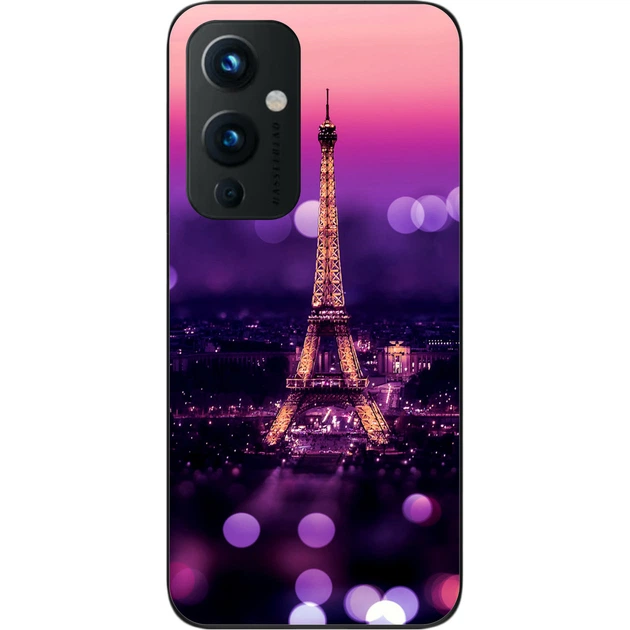 Силиконовый чехол SMTT для OnePlus 9 с картинкой Париж ночью - Фото 1 Силиконовый чехол SMTT для OnePlus 9 с картинкой Париж ночью - изображение 1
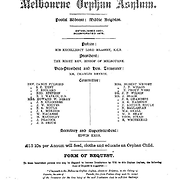 Melbourne Orphan Asylum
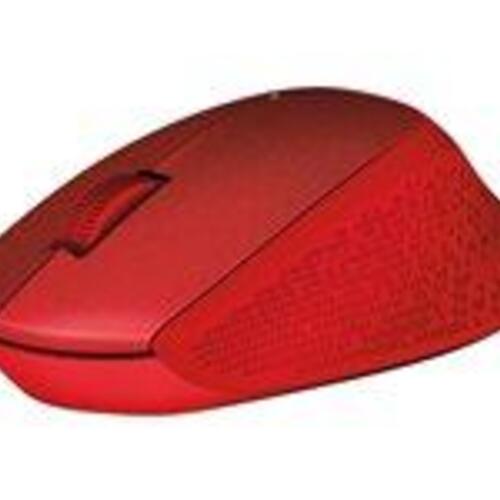 Trådløs mus Logitech M330 Silent Plus – rød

> [Exercise directions] In this exercise, set down all of the data exactly, without the pictures.

> [Written response]
 Силиконовый чехол SMTT для OnePlus 9 с картинкой Париж ночью - Фото 1 Силиконовый чехол SMTT для OnePlus 9 с картинкой Париж ночью - изображение 1
 Melbourne Orphan Asylum
 Trådløs mus Logitech M330 Silent Plus – rød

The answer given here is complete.